The main focus of this notebook is Data Visualization. Here we have a dataset of Banking Customer data. We have various attributes of a customer like Age, Gender, Creditscore to predict the churn. We need to find out hidden patterns of churns.

First we need to import the libraries.

In [None]:
import pandas as pd
import numpy as np
import seaborn as sns
import matplotlib.pyplot as plt
import plotly.express as px
import warnings
warnings.filterwarnings("ignore", category=UserWarning) 

In [None]:
#1.6 Display outputs of multiple commands from a cell
from IPython.core.interactiveshell import InteractiveShell
InteractiveShell.ast_node_interactivity = "all"

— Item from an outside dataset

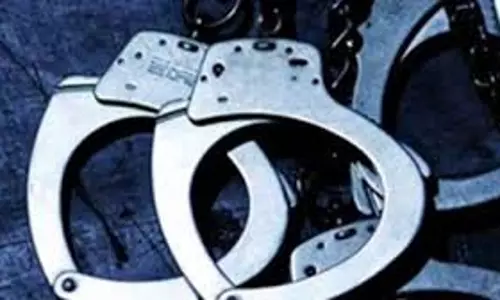 മഹാരാഷ്ട്രയില്‍ 13കാരിയെ പീഡിപ്പിച്ച് കൊന്നു; മൃതദേഹം ബാഗില്‍; ദമ്പതികള്‍ പിടിയില്‍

Let's read the dataset in our panda dataframe.

In [None]:
df = pd.read_csv('../input/predicting-churn-for-bank-customers/Churn_Modelling.csv')

Let's do some basic checks of the dataset.

In [None]:
df.head()
print('------------ Dataset Info -------------')
df.info()
print('\n This dataset has {0} rows and {1} columns'.format(df.shape[0],df.shape[1]))
print('\n The Columns in this Dataset are')
list(df.columns.values)

### Missing Values
 fortunatly this dataset doesnt have any missing values.

In [None]:
df.isnull().sum()

Columns like Row Number, Customer ID and Surname are not going to help us in finding the churn pattern as these are mostly unique values to each customers.

In [None]:
df.drop(columns=['RowNumber', 'CustomerId', 'Surname'], inplace = True)
df_1 = df

In [None]:
df.head()

we can see that columns like NumOfProducts, HasCrCard and IsActiveMember are numerical but these are actually categorical variables.
Lets change these into categorical variables.

In [None]:
df[['NumOfProducts','HasCrCard','IsActiveMember','Exited']]= df[['NumOfProducts','HasCrCard','IsActiveMember','Exited']].astype('object')

In [None]:
df.dtypes

In [None]:
print('The Numerical variables are ')
list(df.select_dtypes(include=[np.number]).columns.values)
num_col= df.select_dtypes(include=[np.number]).columns.values
print('The Categorical variables are ')
list(df.select_dtypes(include=[np.object]).columns.values)
cat_col= df.select_dtypes(include=[np.object]).columns.values
#print('There are {0} numerical columns and {1} categorical columns'.format())        

In [None]:
df.describe().T

## Data Visualization
 Need for Visualization
   1. Understanding the trends and patterns of data.
   2. Analyze the frequency and other such characteristics of the data.
   3. Know the distribution of the variables in the data.
   4. Visualize the relationship that may exist between different variables

### Data Distribution Plots
   Data distribution plots shows the distribution in data like the central tendency,skewedness, any significant outliers.
Lets see some of the distribution plots

   #### Histogram for Numerical Variables

In [None]:
num_col

In [None]:
plt.figure(figsize = (15,10))
for i in enumerate(num_col):
    plt.subplot(3,2, i[0]+1)
    _= sns.histplot(df, x=i[1], hue = 'Exited',multiple="dodge")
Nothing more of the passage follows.